Does leaving grass clippings on my lawn cause thatch?

Grass roots are the primary cause of thatch, not grass clippings. Thatch is made up of roots, stems, rhizomes and other plant materials. These materials contain large amounts of lignin (fibrous material) and decompose slowly. Grass clippings are about 80-85 per cent water with only small amounts of lignin, and break down rapidly.

To learn more about the practice of leaving clippings on the lawn, also know as grasscycling, read the information sheet from the City on the Society’s Resources page. The City also has lawn care information on their website calgary.ca.

Do I need to fertilize my containers?

Even plants growing in good quality soil need to be fertilized regularly to continue optimum growing, as the nutrients are used up by the plant and are leached out during watering. Choose a quality fertilizer that has micronutrients as well as nitrogen, phosphorus, and potassium. If you are concerned about burning your plants with fertilizer, choose an organic fertilizer as the nutrient concentrations are lower and you are unlikely to harm the plant if it is not diluted or applied properly.

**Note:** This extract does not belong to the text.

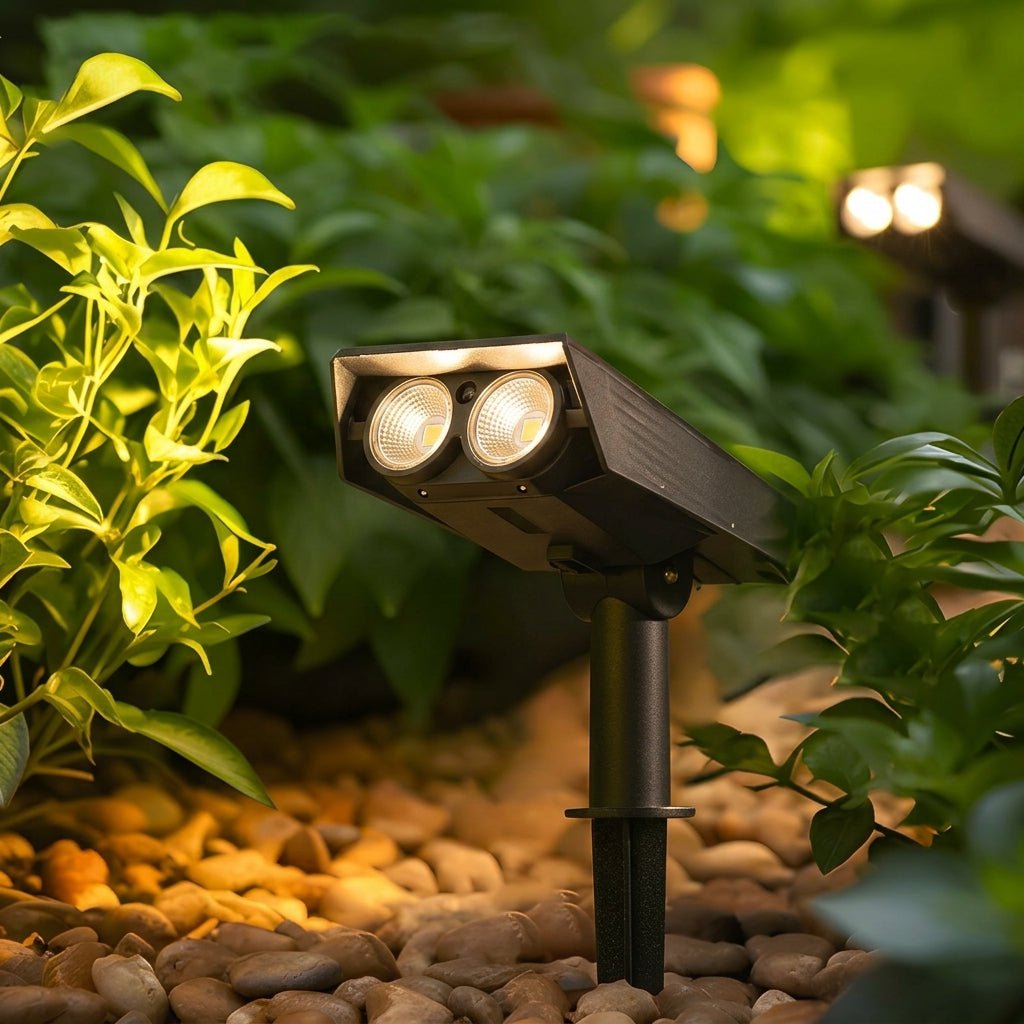 Solar Spotlight LED for Garden Paths - Garden Light - Cool White - Oaksoho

Can I fertilize all my containers the same way?

Plants that bloom before producing fruit (tomatoes, peas, peppers) and root vegetables should have a fertilizer with a higher phosphorus (middle number e.g., 10-15-10) content applied. Non-flowering leaf plants, ornamental or edible, benefit from a fertilizer with a higher nitrogen content (first number). If root vegetables receive too much nitrogen, they will produce leafy growth at the expense of tuber growth.

Flowering plants in pots will stop producing flowers if they don’t have enough fertilizer. They need a higher phosphorus level to support blooming.

Liquid fertilizers get absorbed very quickly and do not last very long, so they should be applied every 2-3 weeks. Granular fertilizers release slower, but feed plants over a longer period of time. Be sure to water the container before applying the fertilizer. Follow the directions on the package for mixing the correct concentration of fertilizer and for the frequency of application. Some gardeners will fertilize more often, but with a solution mixed to a lower concentration.

How often should I water my vegetable garden?

Wind, temperature, and rain will affect the frequency of watering, but a vegetable garden generally needs about 2.5 cm (1 inch) of water per week. Water the garden when the soil is dry 2.5 cm below the surface during the growing season. If you are starting plants from seeds, watering may need to be done daily during the germination period and until the seedlings are established.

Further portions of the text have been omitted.